Nel 1866 gli Austriaci cedettero Venezia e il Veneto al re d’Italia e in quella data si ricompose l’unità territoriale del Comune di Sirmione, spezzata dopo la Seconda Guerra di Indipendenza del 1859: il confine tra l’Austria e il Regno Sabaudo cadeva all’altezza dell’edificio detto “Vecchia Dogana”, che nel nome testimonia la sua antica funzione.

Lugana e Colombare

A sud della penisola di Sirmione, si estendeva l’antica selva Lugana o Ligana o Lucana o Litana, teatro di numerosi fatti d’armi, tra i quali lo scontro tra Costantino e Massenzio nel 312 d.C. Nell’attuale centro di Lugana si possono visitare la chiesetta dedicata a Sant’Orsola, un tempo cappella nobiliare, e il Monumento all’Alpino, testimonianza del sacrificio di molti Sirmionesi che militarono in questo Corpo. Poco distante, la località Colombare prende il nome da un’antica cascina oggi scomparsa. Negli anni Sessanta la popolazione volle la propria chiesa che, intitolata a San Francesco, interpreta nel linguaggio dell’architettura le novità degli anni del Concilio Vaticano II. Nel 2012 in via XXV Aprile, all’inizio della passeggiata lungolago è stata installata “Pietra Madre: il Menhir dell’amicizia e della pace” una scultura in pietra del Maestro Giuseppe Bongiorno.

La Fonte Termale

L’attività termale di Sirmione è nota in tutta Europa.
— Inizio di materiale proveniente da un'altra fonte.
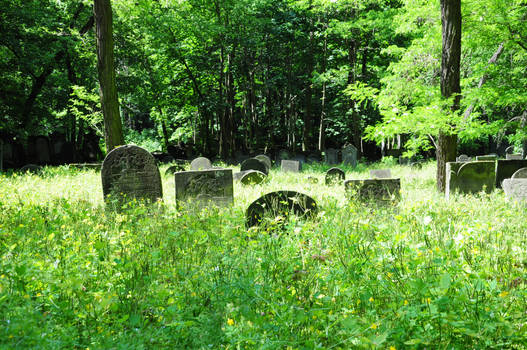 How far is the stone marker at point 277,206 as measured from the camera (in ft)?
17.9

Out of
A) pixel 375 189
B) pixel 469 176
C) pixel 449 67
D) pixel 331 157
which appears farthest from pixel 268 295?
pixel 331 157

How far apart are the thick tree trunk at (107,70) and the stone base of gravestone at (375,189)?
675 centimetres

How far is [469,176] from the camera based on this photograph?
8.59 m

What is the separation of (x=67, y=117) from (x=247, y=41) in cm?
1321

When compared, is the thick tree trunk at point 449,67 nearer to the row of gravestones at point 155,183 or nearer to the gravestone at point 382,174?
the row of gravestones at point 155,183

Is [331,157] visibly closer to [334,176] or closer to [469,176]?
[334,176]

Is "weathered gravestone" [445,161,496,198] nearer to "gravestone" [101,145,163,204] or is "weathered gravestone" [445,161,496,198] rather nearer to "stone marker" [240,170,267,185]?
"stone marker" [240,170,267,185]

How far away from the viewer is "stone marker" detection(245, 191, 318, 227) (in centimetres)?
546

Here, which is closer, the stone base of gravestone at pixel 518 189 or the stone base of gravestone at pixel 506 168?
the stone base of gravestone at pixel 518 189

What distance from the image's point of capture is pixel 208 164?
45.8 feet

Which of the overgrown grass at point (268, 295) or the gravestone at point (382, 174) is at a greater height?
the gravestone at point (382, 174)

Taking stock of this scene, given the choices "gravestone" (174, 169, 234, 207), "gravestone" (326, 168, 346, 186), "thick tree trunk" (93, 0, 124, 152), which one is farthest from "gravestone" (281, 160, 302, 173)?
"gravestone" (174, 169, 234, 207)

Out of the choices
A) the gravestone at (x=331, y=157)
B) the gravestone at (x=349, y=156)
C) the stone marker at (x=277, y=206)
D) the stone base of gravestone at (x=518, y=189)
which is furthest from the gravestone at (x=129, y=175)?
the gravestone at (x=331, y=157)

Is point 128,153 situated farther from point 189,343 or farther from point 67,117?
point 67,117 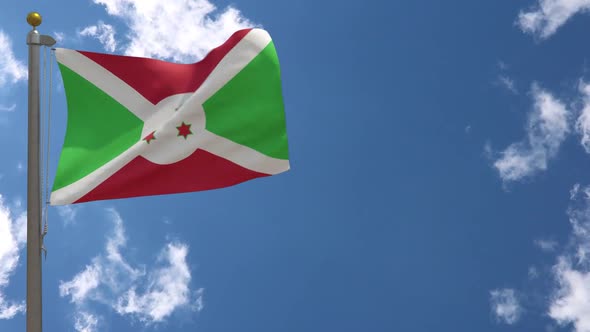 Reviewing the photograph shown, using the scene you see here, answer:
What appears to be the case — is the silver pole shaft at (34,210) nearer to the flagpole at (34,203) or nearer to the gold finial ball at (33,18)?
the flagpole at (34,203)

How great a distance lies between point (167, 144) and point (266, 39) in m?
2.40

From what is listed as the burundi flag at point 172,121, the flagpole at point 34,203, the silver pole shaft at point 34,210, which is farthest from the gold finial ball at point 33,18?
the burundi flag at point 172,121

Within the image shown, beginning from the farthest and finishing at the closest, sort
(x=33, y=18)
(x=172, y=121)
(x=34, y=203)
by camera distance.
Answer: (x=172, y=121) → (x=33, y=18) → (x=34, y=203)

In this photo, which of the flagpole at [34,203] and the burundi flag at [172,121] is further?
the burundi flag at [172,121]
Sin dal Rinascimento era nota la presenza di una fonte termale calda e solforosa, la Bojola, che zampilla dal fondale a 250 metri dalla riva orientale della penisola. La proprietà e la concessione sono in capo alla Società Terme e Grandi Alberghi Sirmione, nata nel 1921, che ancora le detiene. Risalgono al 1948 la costruzione del nuovo Stabilimento Termale e e la creazione di un Centro Cura della Sordità Rinogena. Attualmente gli stabilimenti sono due: il Catullo, nel centro storico e, dal 1987, il Virgilio, a Colombare. L’acqua termale di Sirmione viene utilizzata per la cura e la prevenzione di disturbi otorinolaringoiatrici, broncopneumologici, reumatologici, ortopedici, dermatologici e ginecologici. Nel 2003 è stato inaugurato al Catullo il centro Aquaria, luogo di benessere con piscina termale come fonte di benessere.